Uma crônica sobre o estilo musical que tomou conta do país.

A certeza imaginária

Uma reflexão sobre os comportamentos de quem encontrou a pessoa certa.

Magnólia

Três histórias surpreendentes em que todas acontecem no Edifício Magnólia no Rio de Janeiro.

Pais e Filhos

Um retrato de quem passou para a fase adulta sem esquecer dos valores de infância.

Dormindo com o inimigo

A violência contra a mulher é o tema principal deste artigo.

Último Grão

Agora que não tenho mais insônia nem uso mais remédios para dormir, as coisas parecem com vontade de voltar ao eixo, me fazendo querer recuperar cada segundo passado débil e futilmente, para que essa minha existência tenda a continuar caminhando ridiculamente.
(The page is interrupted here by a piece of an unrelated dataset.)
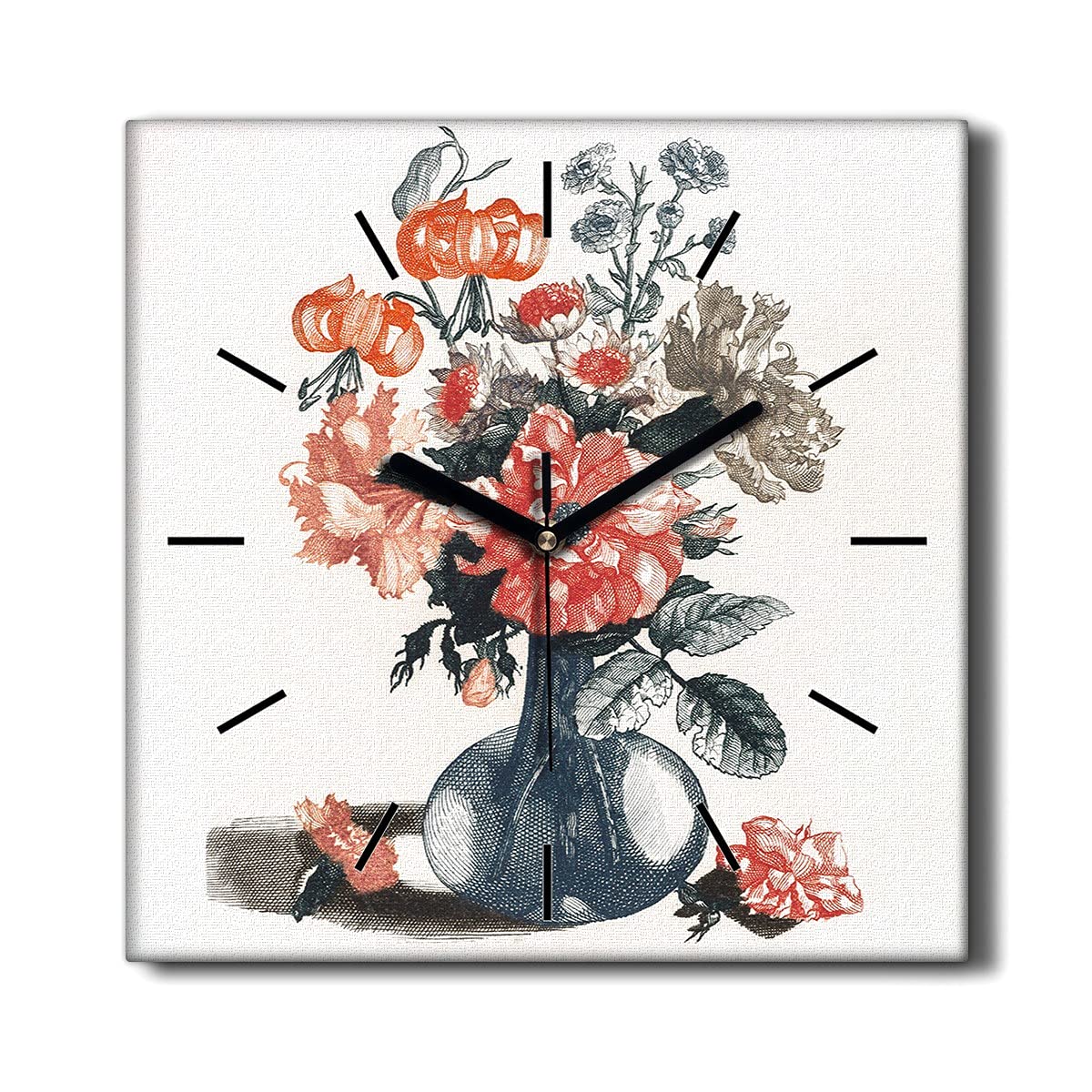 Horloge murale salon decoration toile fleurs 30x30cm montre silencieuse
E assim, sem nenhuma razão aparente, consigo agora olhar adiante e notar um pontinho de luz no final desse breu. Não sei nomear este tipo de sensação. Mas é algo que reanima e conforta. Que me faz ver que tudo que precisamos para tapar buracos está bem perto, quase ao alcance da nossa mão. Buracos. Os buracos da solidão. Esses dias me perguntaram se eu não me sentia muito sozinho em todas essas viagens que faço por esse mundão de meu Deus. Sinto e não me sinto. Não dá para traduzir em palavras algumas sensações. É o mesmo que tentar explicar um sabor agridoce para alguém sem paladar. A verdade é que apesar de viajar sozinho quase sempre, onde quer que eu esteja sempre estou conhecendo gente nova. Sempre dou um jeitinho de me enturmar em qualquer ambiente, e isso não me faz sentir sozinho. Hoje por exemplo, resolvi conhecer um lugar diferente. É um templo oriental cercado por hectares e mais hectares de área verde, bem aqui em São Paulo. Logo vieram os comentários peculiares: “Não sei como você consegue ir para esses lugares sozinho”. Nem ligo mais e no final do passeio ainda conheci um casal muito gente boa. Às vezes as oportunidades estão aí na nossa frente e nem sequer vemos. Nunca deixo de viver uma experiência ou conhecer lugares novos e diferentes por medo do desconhecido ou por não ter uma companhia do lado. É preciso viver o hoje, o agora, pois o amanha está muito longe e pode nem chegar. Nossa existência passa rápido demais, para ficarmos dando tanta ênfase a minúcias. Existe tanto de bom, que não vale a pena se descabelar com a parte ruim. Esses dias atrás acordei bem cedo e fui fazer um passeio. Coloquei roupa bonita, me preparei, fiz um longo trajeto até chegar. Quando cheguei, o lugar estava fechado. A quase todos para quem contei isso me deram o mesmo veredicto: “que merda!”. Merda coisíssima nenhuma. Tudo é questão de saber ver as coisas por um outro ponto de vista. O lugar estava fechado, mas a estrada tinha uma vista tão bonita e tocava aquela música Último Grão, da Isabela Taviani que só isso já valeu o passeio. Aproveitei o dia para fazer uma seção de energização espiritual e voltei pra casa. Um dos melhores passeios frustrados que já fiz até hoje. Maravilha.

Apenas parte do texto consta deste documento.